Brecha Hogan is president of Hogan Company, a manufacturer of toys for children. For the past 10 years, the company has sold its product to both wholesale and retail dealers of toys in the northeast United States. Over the years, the company has come to know its customers well. While all sales are made on credit, few credit losses have occurred. The company's experience has shown that an annual provision for uncollectible accounts of 0.3 of 1 percent of sales is adequate in the old territory. Early in 20X1, Hogan Company decided to expand and develop a new sales base in the southeastern United States. Hogan was pleased when credit sales of $800,000 were achieved in the new territory during the year. To achieve this level of sales and get a foothold in the new territory, though, credit was allowed to some customers with lower credit ratings than had been granted in the past. Given its liberal credit policies in the new territory, Hogan estimates that the provision in the new territory should be 4% above actual first year's losses in the initial period of development. The credit losses connected with sales in the southeast became apparent by the end of 20X1. The following losses from new territory customers had been identified before year-end: 1. On September 30, it was determined that nothing could be collected from Bedford Toy Outlets, which owed Hogan $88,000. The account was written off. 2. On December 10, another new customer, Forever Young Fun Shops, which owed Hogan $220,000, entered receivership. On that date, Hogan was offered, and accepted, a check for $110,000 in final settlement of the debt. The balance was charged off. 3. On December 18, Technology Toys went out of business, and no collection of the $26,800 owed Hogan is anticipated. The account was charged off. The following additional information about the old and new territory became available on December 31: ■ Sales in the old territory totaled $25,120,000 in 20X1. ■ Sales in the new territory totaled $800,000 in 20X1. ■ Accounts receivable of $90,400 attributed to customers in the old sales territory were determined to be uncollectible and were written off.
Kindly give a step by step details explaination of each answers especially question 5 and 6. Please, don't just give answers without explaining how we arrived at the answer. Thanks!
The following are the questions:
1. What is the general journal entries the transactions described for Hogan Company. All sales are on account. Use the date of December 31 to make the entry to summarize sales for the year in the old territory and new territory.
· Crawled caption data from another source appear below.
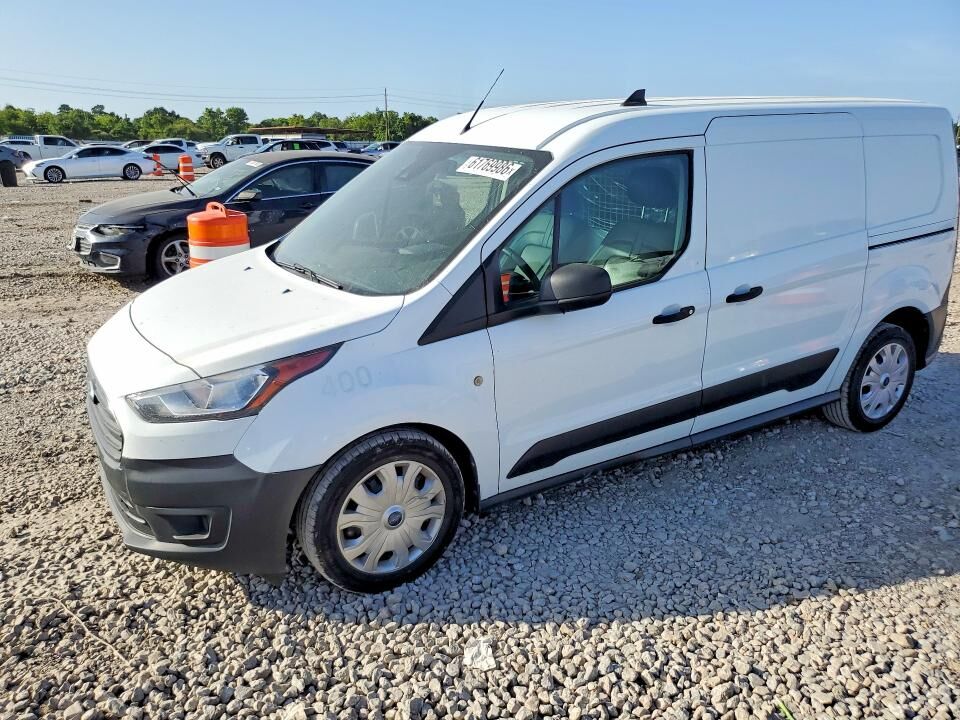 2023 FORD Transit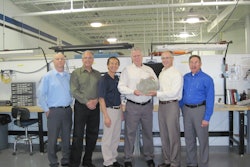 Magnetek Receives Premier Supplier Award From Joy Global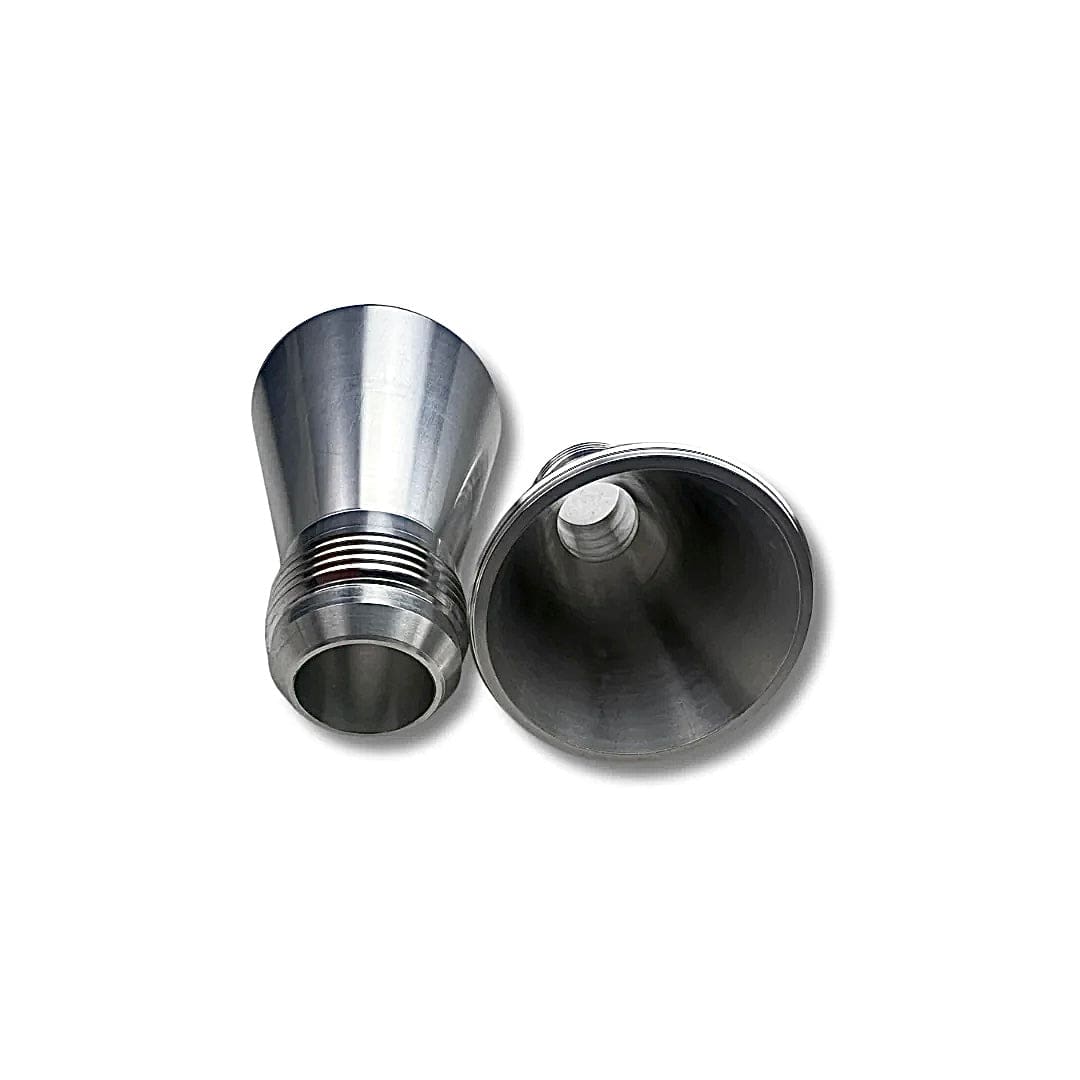 Platinum Racing Products Fuel System Accessories 12AN High flow Mechanical Fuel Pump Weld-In Cone SR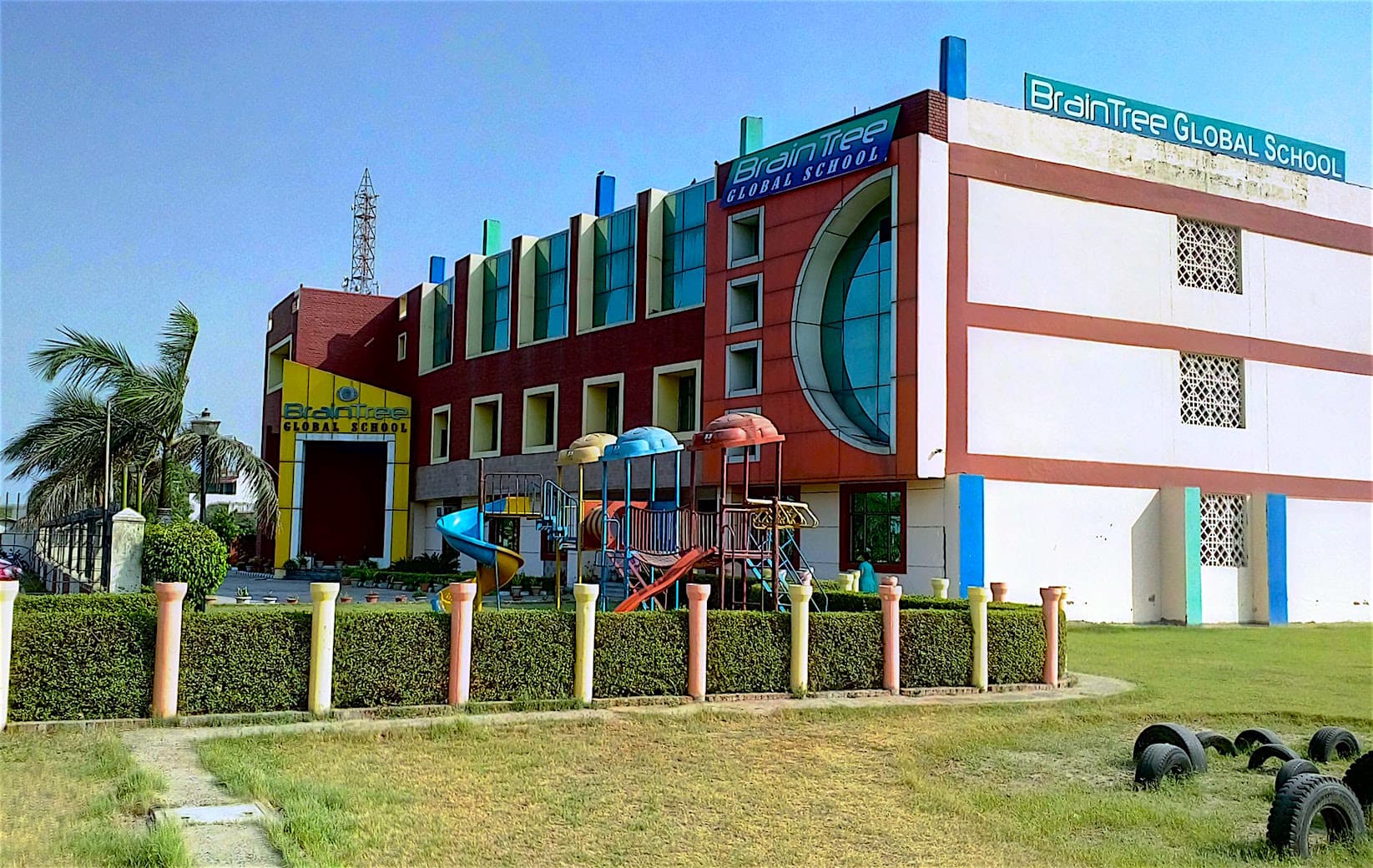 Braintree Global School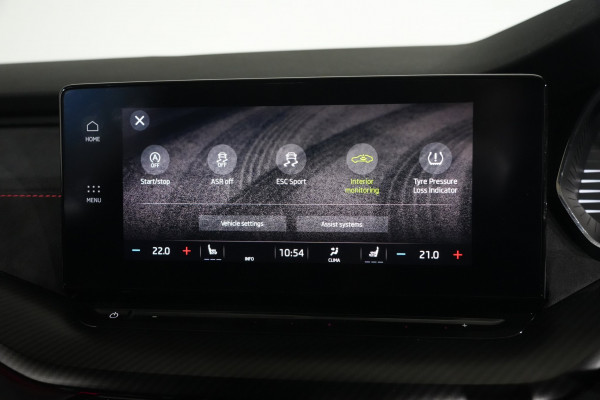 2022 Skoda Octavia RS SUV Image 38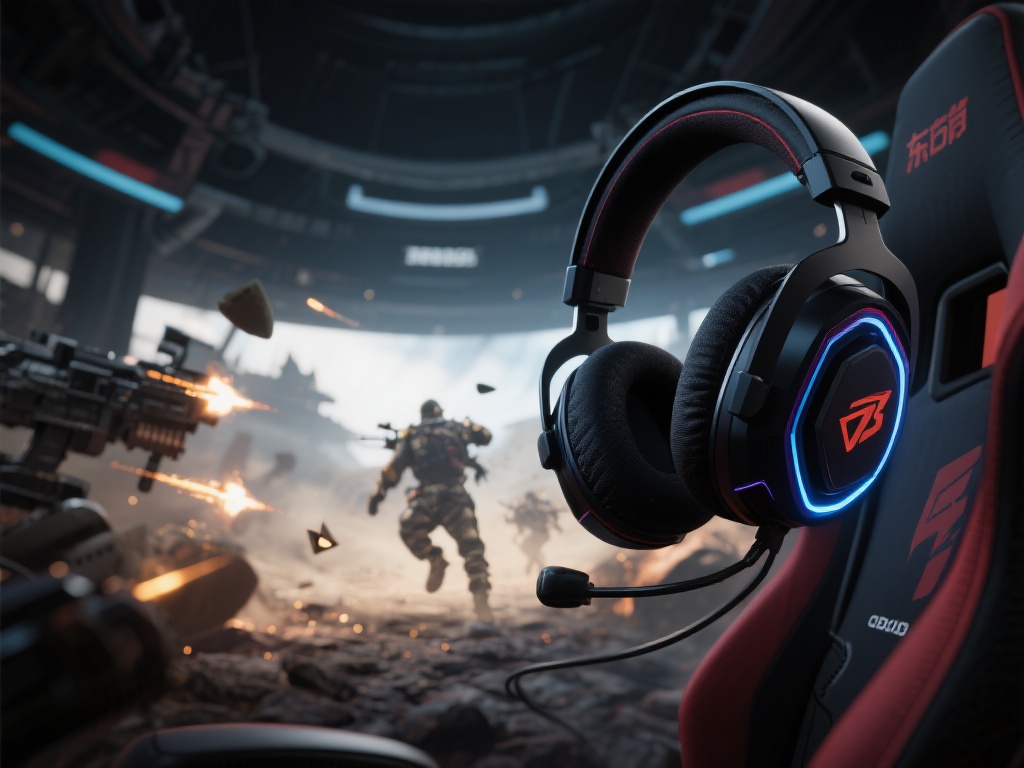 在音频技术上，东方电竞OB采用了环绕立体声系统与智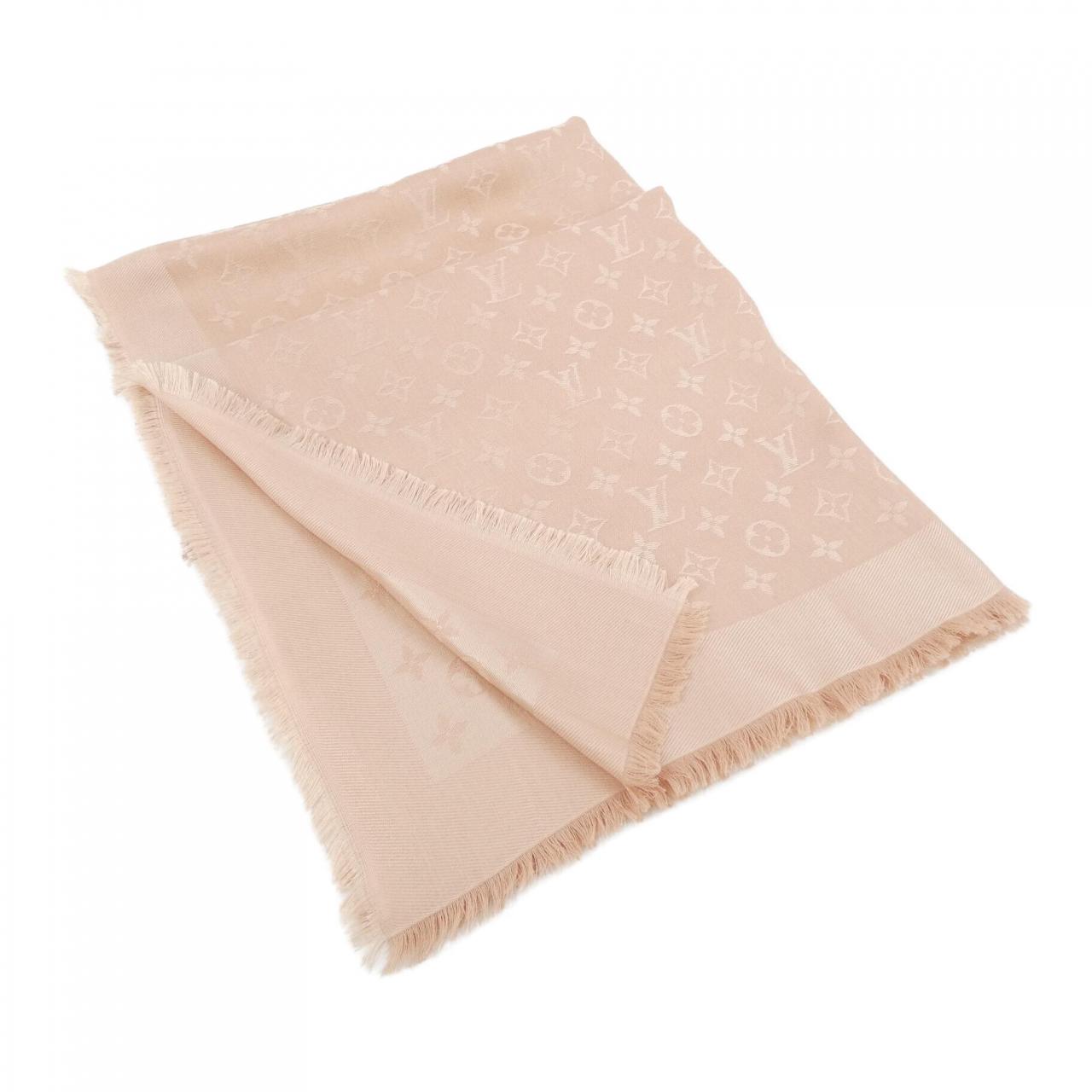 ルイヴィトン LOUIS VUITTON ショール モノグラム M74441 ショール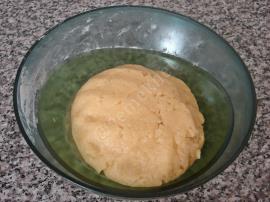 Coconut And Syrup Dessert Recipe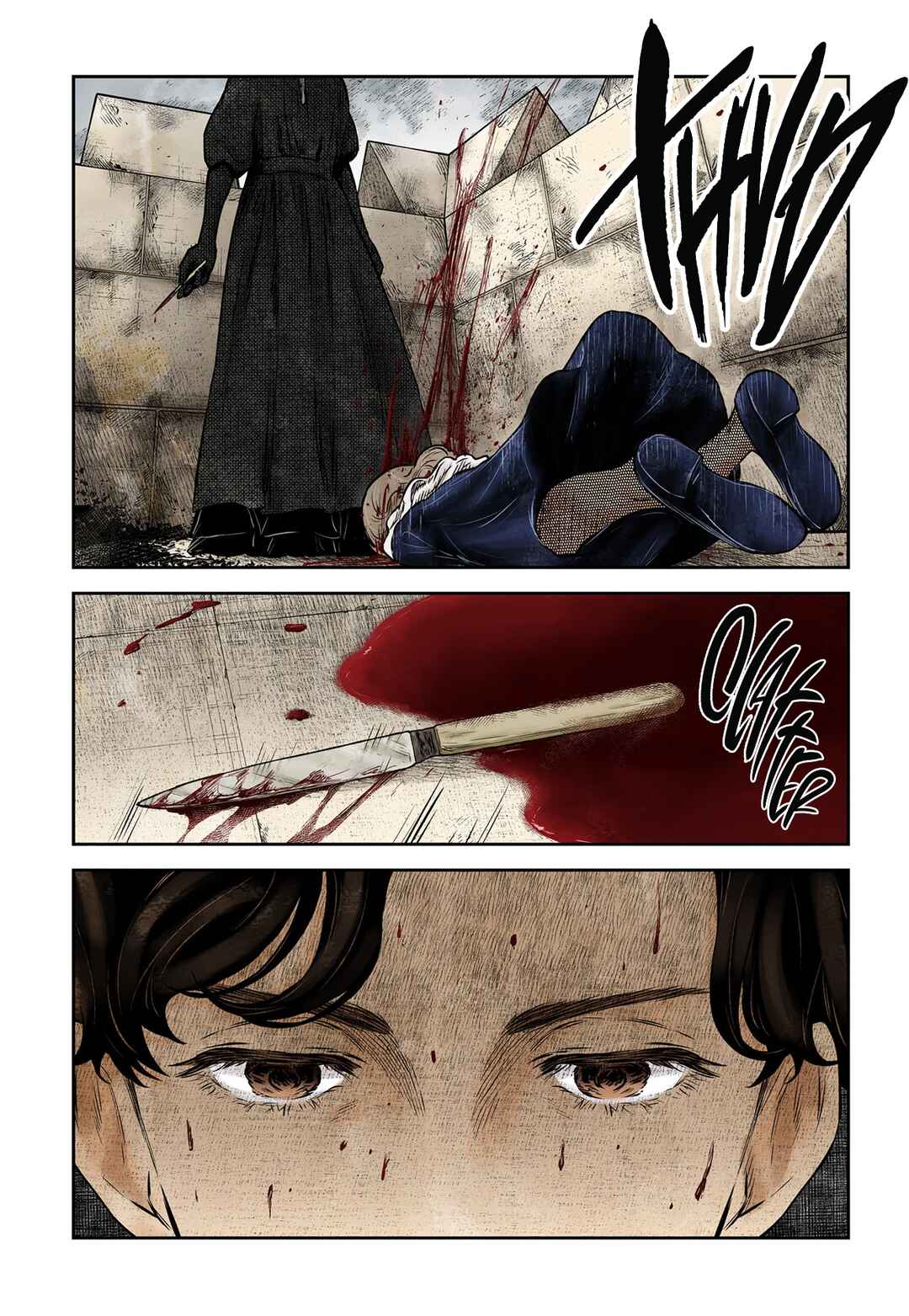 Shadows House (Official Colored) Chapter 164 - Page 16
2. Make the journal entries to record the write-off of accounts in the new territory.
3. Make the journal entry to record the write-off of accounts in the old territory.
4. Make the entry on December 31 to record uncollectible accounts expense for 20X1 for both territories. Make the calculation using the percentages developed by Hogan.
5. Let’s say the Allowance for Doubtful Accounts had a credit balance of $24,800 on September 30 before any of the above entries were made. Calculate the balance in the allowance account after all of the above entries have been posted.
6. Based on actual losses experienced by Hogan in the new territory are the credit-granting policies for the new territory too liberal?